KUWAIT: The Central Statistical Bureau (CSB) and the Public Authority for Civil Information (PACI) are two public institutions that fall under the Kuwait government. Their primary objective is to monitor and provide accurate statistical data to be used as inputs for planning public policies. The basic and very preliminary census is the population census with its detailed classifications. The indisputable hypothesis is that their data must be identical but if they differ they are supposed to communicate, being public institutions, to unify their data before issuing the data or explain the reasons for the data inconsistency.

During the first week of August 2022, the CSB issued a report on its estimates of the population statistics as of the end December 2021. The report states that the total population in Kuwait reached 4,216,900 dropping by 119,112 people from 4,336,012 people in the end of 2020. The decline was the result of a decrease by about 148,000 in expatriates and an increase of about 29,000 in the number of Kuwaitis. Until this moment, PACI has not issued demographics statistics as of the end of 2021. Its population figures in the end of June 2021 reached 4,627,674 people, a difference by 411 thousand people from the CSB figure at the end of 2021, which is an essential difference.

Fundamental differences extend to the age groups figures. While the CSB estimates those who are aged 60 years and above at 361,493 people, PACI estimated them at 122,004 at the end of June 2021. And as for the age group between 25-29 years, the CSB estimates them at 206,048 people while PACI estimates them at 512,087 people, more than double, with a difference of 306 thousand people.

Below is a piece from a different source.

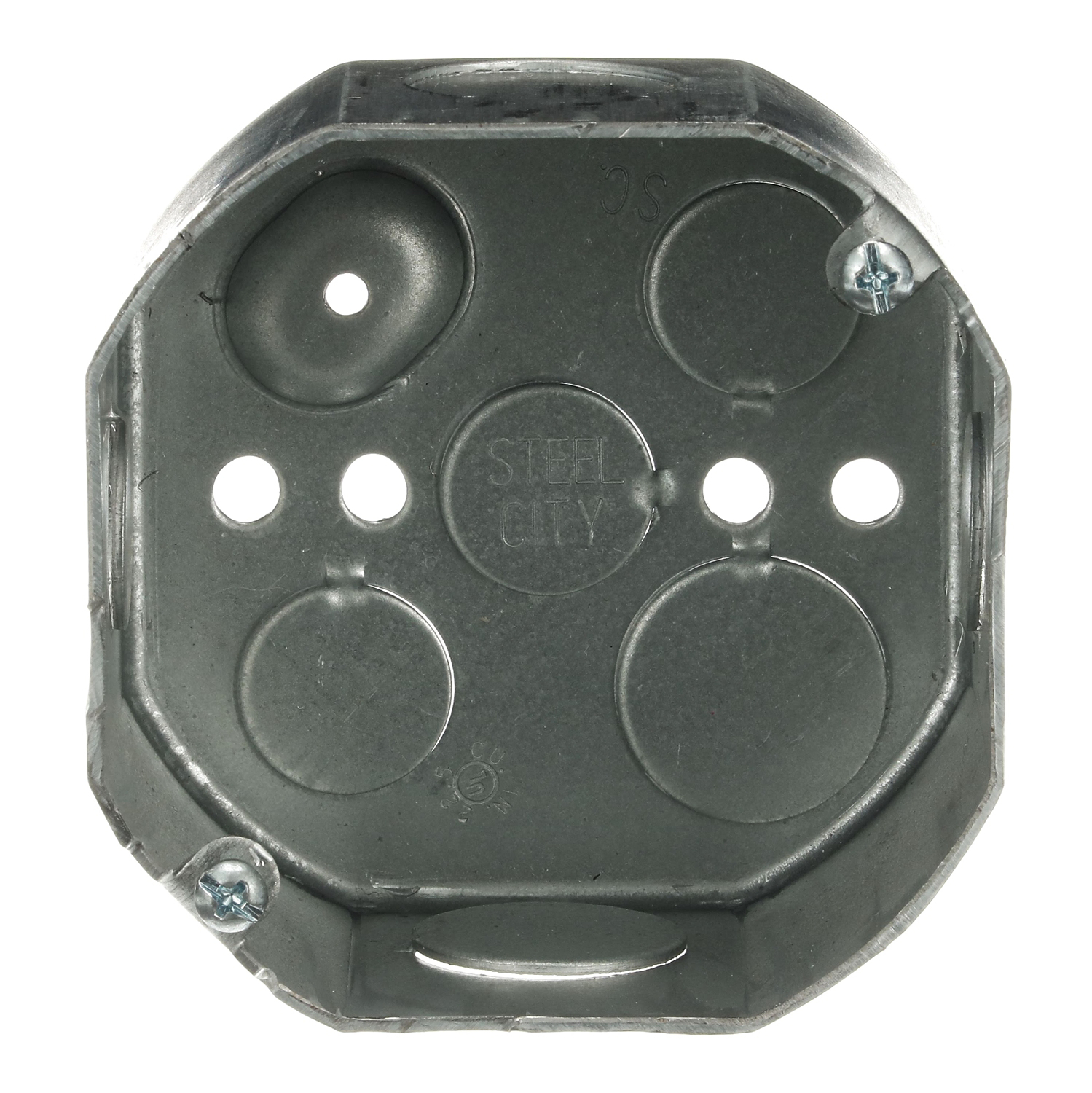 Octagon Box, 22.5 Cubic Inches, 4 Inch Diameter x 2-1/8 Inches Deep, 12/ Inch and 3/4 Inch  Knockouts, Pre-Galvanized Steel, Drawn Construction, For use with Conduit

Reading through the tables of the two institutions' population statistics seems as if we are reading statistics on two different countries. The relationship is almost non-existent in the totals and in its details in the numbers of expats. We don't know where the truth lies and it is not our job to find facts, what we do know is that we cannot plan any policy with such fundamental differences. If the differences in the very primary statistics are wrong, it is certainly possible that the more complex statistics on which it is built, such as economic growth, inflation rates, employment and unemployment are also wrong.

What is required is the avoidance of these differences and the issuance of accurate and unified information. Either the two institutions meet for coordination to review the differences and their justifications before they are issued, or a single institution is assigned to issue that information. Until this is achieved, all studies and policies adopted by the state will be doubtful in achieving their goals. Accuracy and updated figures are the fuel of development.

Public education

We hope that Kuwait will start a new era that will raise the level of its public administration to what it deserves and restore its pioneer role which it has occupied till recently. This role will not be achieved without a commitment to essential priorities and a violent confrontation with corruption and ensuring clean and fair upcoming parliamentary elections whose output is one of the two wings of the administration. We mentioned in a former report that reforming the oil sector is a priority because it replaced most of its best administrators by less qualified ones. This disaster contributed to distributing its positions into quotas among corrupt influential people to buy their loyalties and multiply their numbers.

Reforming education, general and higher, is a first priority. The public education faced a sabotage and its level declined by about 4.6 years, according to the World Bank and the latest programs of the previous governments. This means that the educational level of a high school graduate is below the level of an 8th grade graduate.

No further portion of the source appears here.